__PROMPT__. Please give back only the lines below from the one containing "Close-up of Happy" to the one containing "Two software developers", each repeated word for word, both ends included.

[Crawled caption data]
....................
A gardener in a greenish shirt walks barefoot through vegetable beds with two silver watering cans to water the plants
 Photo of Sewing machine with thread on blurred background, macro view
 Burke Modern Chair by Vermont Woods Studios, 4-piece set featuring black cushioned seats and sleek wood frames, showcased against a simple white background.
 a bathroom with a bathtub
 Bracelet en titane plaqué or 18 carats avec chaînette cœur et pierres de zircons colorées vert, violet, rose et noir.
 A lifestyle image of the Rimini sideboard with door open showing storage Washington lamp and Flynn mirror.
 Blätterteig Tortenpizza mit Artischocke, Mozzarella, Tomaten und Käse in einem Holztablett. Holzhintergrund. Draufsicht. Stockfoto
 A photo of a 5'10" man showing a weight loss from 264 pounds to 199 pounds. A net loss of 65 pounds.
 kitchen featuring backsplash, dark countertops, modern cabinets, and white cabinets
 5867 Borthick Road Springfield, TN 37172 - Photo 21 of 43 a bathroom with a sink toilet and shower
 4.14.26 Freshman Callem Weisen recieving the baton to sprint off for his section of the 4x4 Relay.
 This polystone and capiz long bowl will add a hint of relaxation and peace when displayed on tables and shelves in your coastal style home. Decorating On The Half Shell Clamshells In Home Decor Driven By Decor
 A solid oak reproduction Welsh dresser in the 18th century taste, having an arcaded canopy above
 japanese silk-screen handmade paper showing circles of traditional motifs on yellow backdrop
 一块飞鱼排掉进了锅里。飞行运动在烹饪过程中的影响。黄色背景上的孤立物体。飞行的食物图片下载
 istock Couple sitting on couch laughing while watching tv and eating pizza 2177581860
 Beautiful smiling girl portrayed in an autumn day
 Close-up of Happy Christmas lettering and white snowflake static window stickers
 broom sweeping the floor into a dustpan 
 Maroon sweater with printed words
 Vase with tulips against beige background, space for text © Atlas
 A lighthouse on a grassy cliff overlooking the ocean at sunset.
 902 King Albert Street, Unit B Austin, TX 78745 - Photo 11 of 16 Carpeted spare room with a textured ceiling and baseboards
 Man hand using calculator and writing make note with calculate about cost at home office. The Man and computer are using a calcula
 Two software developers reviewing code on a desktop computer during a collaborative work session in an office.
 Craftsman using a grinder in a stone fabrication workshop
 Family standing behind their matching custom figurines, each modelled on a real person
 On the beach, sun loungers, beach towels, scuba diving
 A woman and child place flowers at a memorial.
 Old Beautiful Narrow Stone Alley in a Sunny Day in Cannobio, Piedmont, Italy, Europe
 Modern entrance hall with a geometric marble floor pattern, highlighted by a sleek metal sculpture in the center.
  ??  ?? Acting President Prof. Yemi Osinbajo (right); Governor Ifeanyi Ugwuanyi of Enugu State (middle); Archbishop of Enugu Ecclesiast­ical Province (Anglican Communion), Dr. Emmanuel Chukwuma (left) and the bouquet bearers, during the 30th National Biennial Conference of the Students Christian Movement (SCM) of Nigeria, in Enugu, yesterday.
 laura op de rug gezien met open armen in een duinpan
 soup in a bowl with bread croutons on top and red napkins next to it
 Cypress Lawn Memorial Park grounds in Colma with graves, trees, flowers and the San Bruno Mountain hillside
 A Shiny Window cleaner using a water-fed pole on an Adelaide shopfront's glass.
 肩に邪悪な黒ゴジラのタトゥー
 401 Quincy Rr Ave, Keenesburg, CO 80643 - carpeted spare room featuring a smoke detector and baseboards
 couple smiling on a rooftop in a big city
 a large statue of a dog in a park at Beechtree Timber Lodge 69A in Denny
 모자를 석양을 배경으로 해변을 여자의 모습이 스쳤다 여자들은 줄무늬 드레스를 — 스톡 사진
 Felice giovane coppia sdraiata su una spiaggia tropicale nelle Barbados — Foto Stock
....................
__ANSWER AREA__.
 Close-up of Happy Christmas lettering and white snowflake static window stickers
 broom sweeping the floor into a dustpan 
 Maroon sweater with printed words
 Vase with tulips against beige background, space for text © Atlas
 A lighthouse on a grassy cliff overlooking the ocean at sunset.
 902 King Albert Street, Unit B Austin, TX 78745 - Photo 11 of 16 Carpeted spare room with a textured ceiling and baseboards
 Man hand using calculator and writing make note with calculate about cost at home office. The Man and computer are using a calcula
 Two software developers reviewing code on a desktop computer during a collaborative work session in an office.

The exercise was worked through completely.